The buttons came out of storage and became the focal point of the museum, home to one of the country's largest button collections.
In this Western Massachusetts town of about 8,000 people, it's little surprise that the museum's care fell into the hands of those who knew and admired Moulton. And it figures that they're as passionate about button collecting as she was, some holding official positions in the Massachusetts State Button Society. So the newly appointed caretakers of the Keep Homestead Museum set out cataloging and showcasing as many of Myra's buttons as they could. To date, about 6,000 are on display throughout the Keep family's farmhouse on Ely Road.
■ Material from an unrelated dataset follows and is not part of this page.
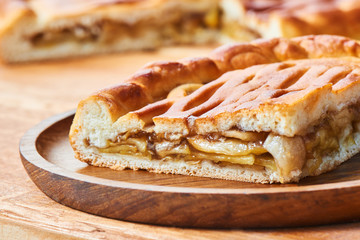 A piece of pie with a filling of apples on a wooden plate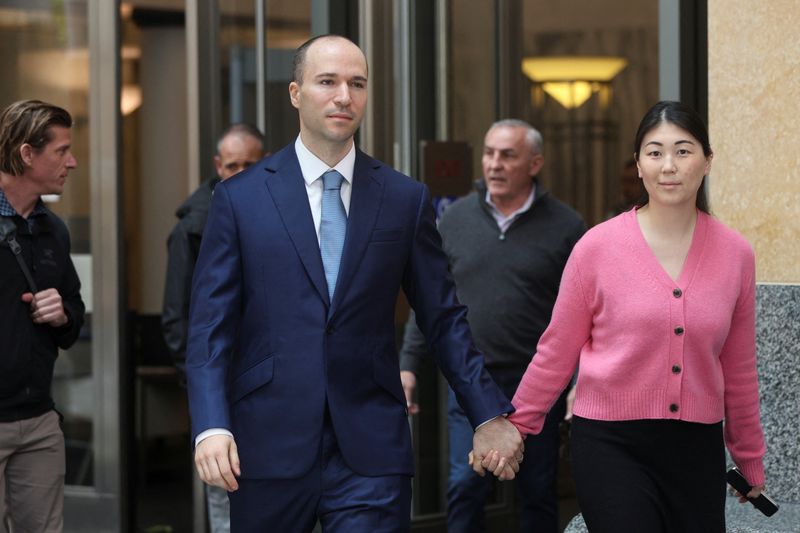 Greg Brockman, president of OpenAI, accompanied by his wife Anna, walks outside a federal courthouse as the trial in Elon Musk's lawsuit over OpenAI's for-profit conversion continues, in Oakland, California, U.S., May 5, 2026. REUTERS/Manuel Orbegozo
Thousands more are still being inventoried.
"Myra saw buttons as miniature works of art," said Jacquie Hatton, president of the friends of the museum and a past president of the state's button society. "This was her passion."
Case after case holds buttons from around the world with histories spanning hundreds of years. English-made copper buttons that were excavated from Revolutionary War battlefield sites fill one shelf. On another, buttons from Okinawa are carved into the faces of Asian deities like Jurojin, the god of long life, and Benzaiten, the goddess of beauty. Mother-of-pearl buttons glisten not far from duller, intricately carved buttons of bone. And one display shows the evolution of political buttons, from Zachary Taylor's 1848 campaign to the "I Like Ike" pins of the 1952 campaign.
But the prize of the lot is the collection of about 600 mosaic buttons. Made in Rome and Florence in the 1850s, these buttons -- some as small as a pinky fingernail -- have designs of animals, buildings, flowers, and birds. At first glance, the motifs look painted on backgrounds of onyx, silver, or brass. But under a closer inspection with a magnifying glass, it's clear the designs were made from minuscule pieces of colored stone or glass.